Since then he is generally accepted to have raced clean, and is a long-standing member of Wada’s Athlete Committee.

Millar has written about the twists and turns of his career in a book released last month. Entitled Racing Through the Dark – the Fall and Rise of David Millar, it makes for fascinating reading. “The world of doping and the law of silence – the omerta – that went with it were eroding my self respect,” he states early on, speaking about the 1998 season. He talked about distancing himself from “some of the classless idiots who were considered as great champions”, and said that he was convinced he could succeed clean.

While he continued to race well, with those convictions initially strengthened by the Festina Affair which shook the sport later that year, over time something changed. It was partly due to the pressure of being team leader for the Cofidis squad, but that was just one factor.

The net result was he simply gave in. “I was too weary – too weary to fight any more,” he writes about a meeting with a team-mate and one of the team bosses immediately after he pulled out of the 2001 Tour. “All that resistance – all the fighting I had been doing, all that idealism which first came so naturally and had slowly grown into a futile and isolating stance – was now behind me.”

Millar took several big victories “charged”, including the final time trial in the 2003 Tour plus the world time-trial championships that same year. Caught in mid-2004, he returned two years on and won a time-trial stage of the Vuelta that September. His first words in the post-race press conference were delivered with passion and force and, unlike his answer to a question nearly three years earlier, were far more convincing.
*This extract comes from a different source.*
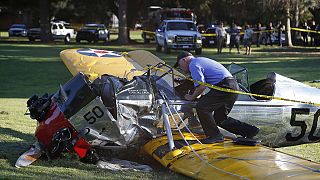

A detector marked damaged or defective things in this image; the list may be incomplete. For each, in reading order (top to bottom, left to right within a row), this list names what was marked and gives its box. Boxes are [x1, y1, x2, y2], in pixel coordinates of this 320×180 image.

crashed vintage airplane [15, 48, 320, 179]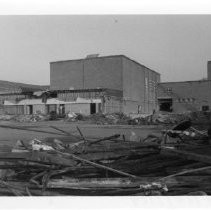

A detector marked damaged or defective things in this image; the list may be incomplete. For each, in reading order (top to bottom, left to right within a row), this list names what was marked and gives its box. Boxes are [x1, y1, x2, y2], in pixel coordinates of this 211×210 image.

“Today was a purely physical test. I won, and I am 100 per cent clean. Some people may not believe me, but if you know me you will believe me after what I am have been through,” he said, referring to the depression and alcohol dependency he suffered after his sanction. “I love my sport and I want everyone to know that you can win the biggest races on bread and water.”

Millar’s insistence is that over recent years the sport has improved. He accepts some riders are still doping, but believes the majority of the peloton is far cleaner than it was in the past. He argues the UCI’s biological passport has improved things, and made it possible for more riders to race clean than before.

The Scot will compete in this year’s Tour as part of the Garmin-Cervélo team, a squad with arguably the best reputation in the sport of the ProTeams and, as he does in the book, he talks frankly about what he and the sport went through in the ’90s and ’00s.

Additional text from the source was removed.